A critical voice deliverable for my engagements was interaction flows. Representing the various decisions, inputs, and outputs in an end-to-end fashion helped my development teams bring our voice designs to life in the most robust fashion. If any of your work on visual interfaces includes complex interaction flows, consider emphasizing that work.

Because mainstream voice design is still generally in its infancy, we still have a great deal to learn. Voice designers must be humble, curious, and agile in their approach to dealing with customer feedback, emergent behavior, and telemetry. Highlight any portfolio projects that show non-trivial adaptations based on customer feedback or data mid-project. These skills are universal, but perhaps even more critical for voice designers.
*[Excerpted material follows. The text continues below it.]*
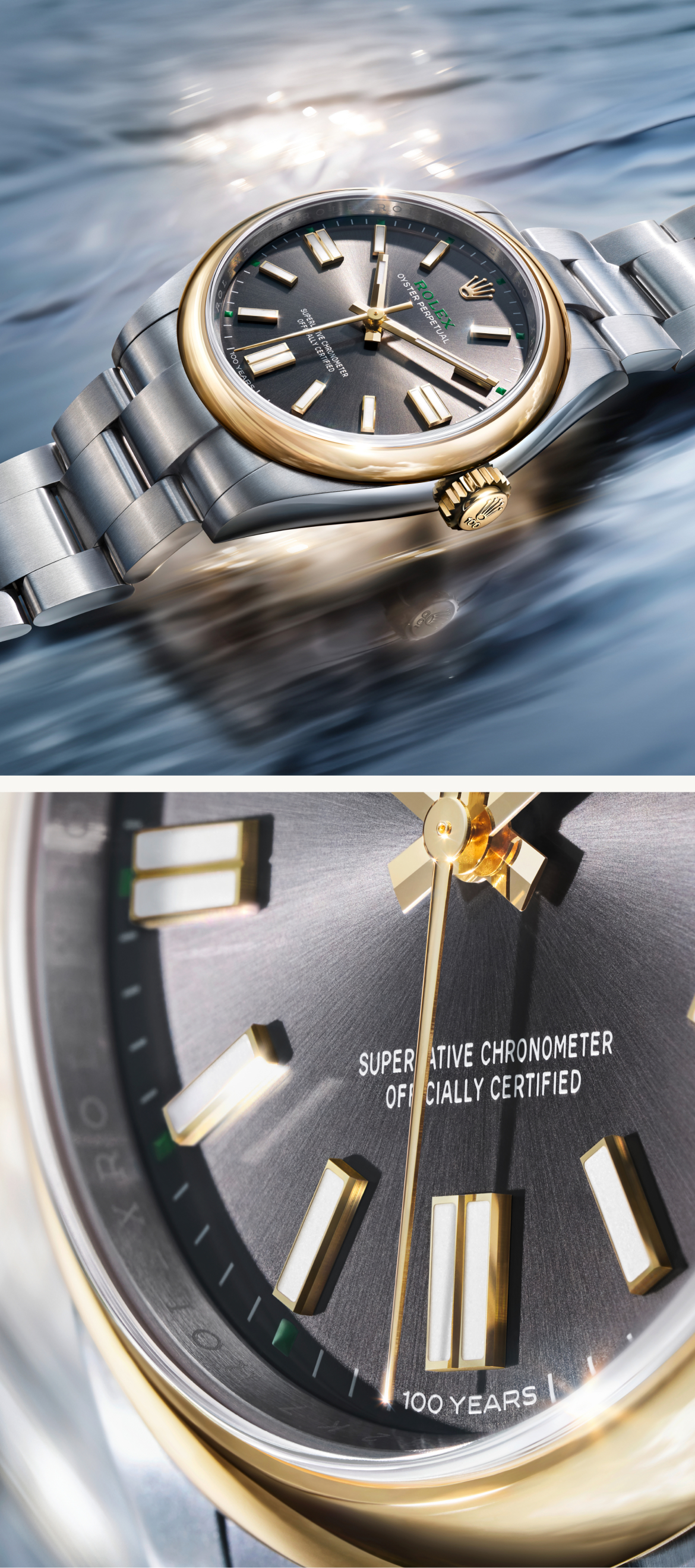 Rolex Oyster Perpetual 100th Anniversary Model M134303 0001 Portrait Rolex Oyster Perpetual 100th Anniversary Model M134303 0001 Portrait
While I believe all of the major voice assistants are supported by dedicated content teams, my experience was that those resources were over-tasked. Voice designers were the first line of defense, expected to write reasonably crisp, on-brand content. We only escalated for extreme cases. However, the key word here is crisp: you won’t gain points from a voice design team for overly flowery, high-word-count prose. This is the hardest competency to convey in the context of a design portfolio review… but if you have an applicable example, include it.

You’ll inevitably only have time to highlight a few projects, so choose the projects that reflect some of the above points most strongly. As always, a quality walkthrough of a project end-to-end, with interim deliverables, is always a stronger proposition than a large quantity of poorly documented examples.

Inevitably, you’ll be asked to participate in a design exercise. If the role you’re interviewing for is truly voice-only, it will be important to show that you approach voice designs with a different perspective. The way you approach this design exercise will provide your future teammates critical information about your growth mindset and flexibility.

Some questions you may want to ask as you frame your voice design problem:

The last thing a voice customer wants is a deeply nested series of prompts. One of the greatest strengths of a voice UI is how it enables breadth of access. You’re not limited to the rule of 7; there is no risk of visually overwhelming a customer. As long as potential prompts and intents match common mental models, your customer can achieve many intents from the same neutral starting point.

Think about the most common and most loved abilities of your voice assistant of choice. Odds are, you set timers, set alarms, and play media content. What all of these interactions have in common is that they depend upon variable content — called “slots”. In the utterance “Set a timer for 30 minutes”, the value “30 minutes” is probably represented in the design by a duration slot. Early voice design requires identification of the full range of slots customers will attempt to use with an intent (the customer’s desired action). Make sure you identify these in your design exercise, and if they are unclear, ask questions to get clarity.

The things we say to our voice assistants are often misheard — whether because the customer phrased a request informally, whether ambient noise interfered with recognition, or whether another unforseen problem arose. Where most GUI design exercises focus primarily on a “happy path,” VUI designs spend comparatively little time on the desired outcome. Most of the effort is dealing with empty slots, malformed or invalid slot values, or perhaps complete misrecognition. Don’t forget to account for when things go wrong.

Don’t be tremendously discouraged if you encounter rejection at first. Rejection is always painful, but we all encounter rejection at some point. My first interview with a natural user interface team was the Kinect for Windows team back in 2012. At the time, I was told I didn’t have enough experience with voice and gesture. I was very frustrated, but I simply continued to seek out opportunities to grow. Looking back, that certainly seems like an ironic moment, but it was my determination and curiosity that helped me turn the tables in the face of that rejection.

In the meantime, good luck! May the voice be with you.